I'm still embarrassed that I own a copy of The End of Faith, though. :glare:
Sam Harris is the most vile and repugnant of the New Atheists, a racist who denies that Islamophobia exists (racists of course would say that wouldn't they) yet at the same time he singles out Islam as a unique threat to civilisation and associates himself with the likes of Geert Wilders. He cheers on the IDF when they slaughter Palestinians. He is nothing but a ten a penny racist apologist for US and Western imperialism.
Given that his books are complete waste of trees, my advice would be to dump his book off at a recycling plant and have it turned into pulp.
Mather
7th September 2014, 15:40
I've heard different claims about his thoughts on "social Darwinism"...Supposedly he doesn't embrace it, but those seem like very "social Darwinist" attitudes (in the crude right-wing sense), if all of that is true.
It is true, sadly.
LINK (http://www.independent.co.uk/news/people/richard-dawkins-on-babies-with-down-syndrome-abort-it-and-try-again-it-would-be-immoral-to-bring-it-into-the-world-9681549.html)

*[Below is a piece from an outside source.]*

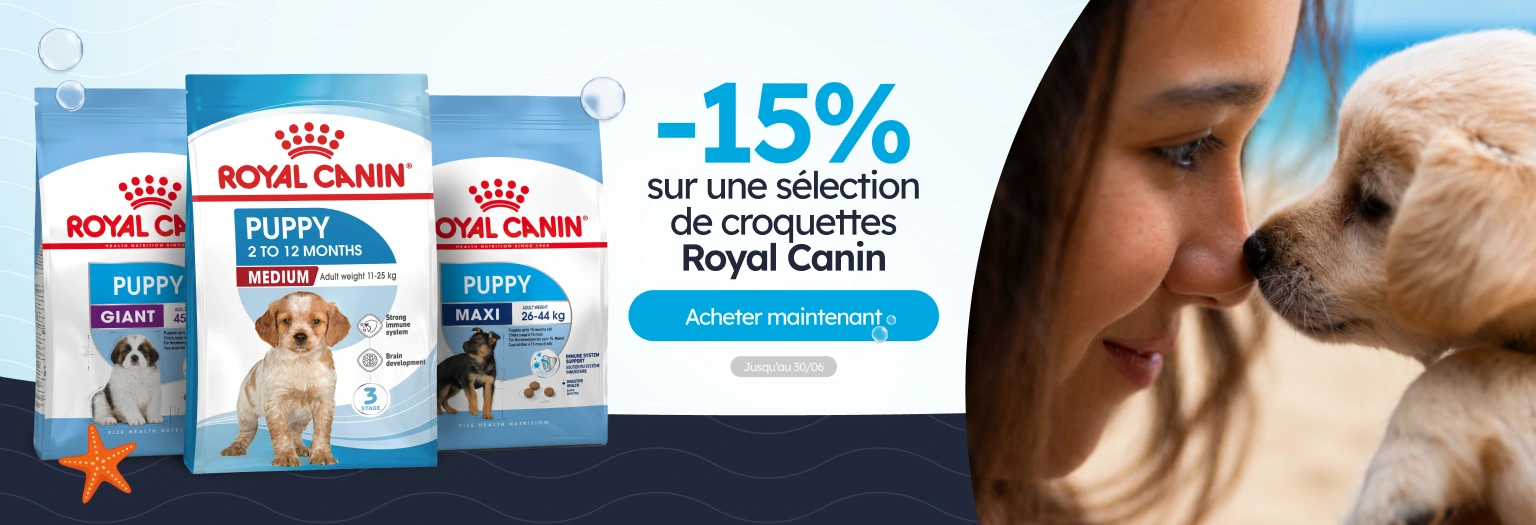 /c/junio-royal-canin-15-sacos-15-kg-perro?utm_source=home&utm_medium=banner&utm_campaign=junio-royal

He then gives a half-arsed apology but in the finest traditions of a politician he doesn't actually apologise for what he said but that his remarks were taken out of context. He then tries to divert the focus away from himself by saying "half the problem lies in a wanton eagerness to misunderstand." A cheap tactic that implies that the problem is not what he said but that other people then called him out on his disgusting remarks.
Of course Saint Dawkins can do no wrong, it's those ignorant sheeple who just cannot grasp the sheer brilliance of his intellect and his infallible logic.
LINK (http://www.huffingtonpost.co.uk/2014/08/21/richard-dawkins-downs-syndrome-twitter_n_5697880.html)
Mather
19th September 2014, 18:10
I grew up with an elder brother with Down's Syndrome. I have spent a lot of time doing voluntary work with mentally handicapped people, and have many treasured memories of them.
Nevertheless, if one of my friends was tested and discovered that their child had Down's I would advise them to get an abortion. I have seen the stress, and demands that having a Down's child places on couples, and wouldn't recommend it to anybody.
Devrim
Recognizing the difficulty of raising a DS baby is important, and it entails a lot of challenges. Clearly, aborting such a fetus is a reasonable choice to make. Dawkins actually said it would be IMMORAL to keep the baby and not "abort and start over" though. As in, if you have the child, you're a terrible person for keeping it and accepting the challenges of raising him or he.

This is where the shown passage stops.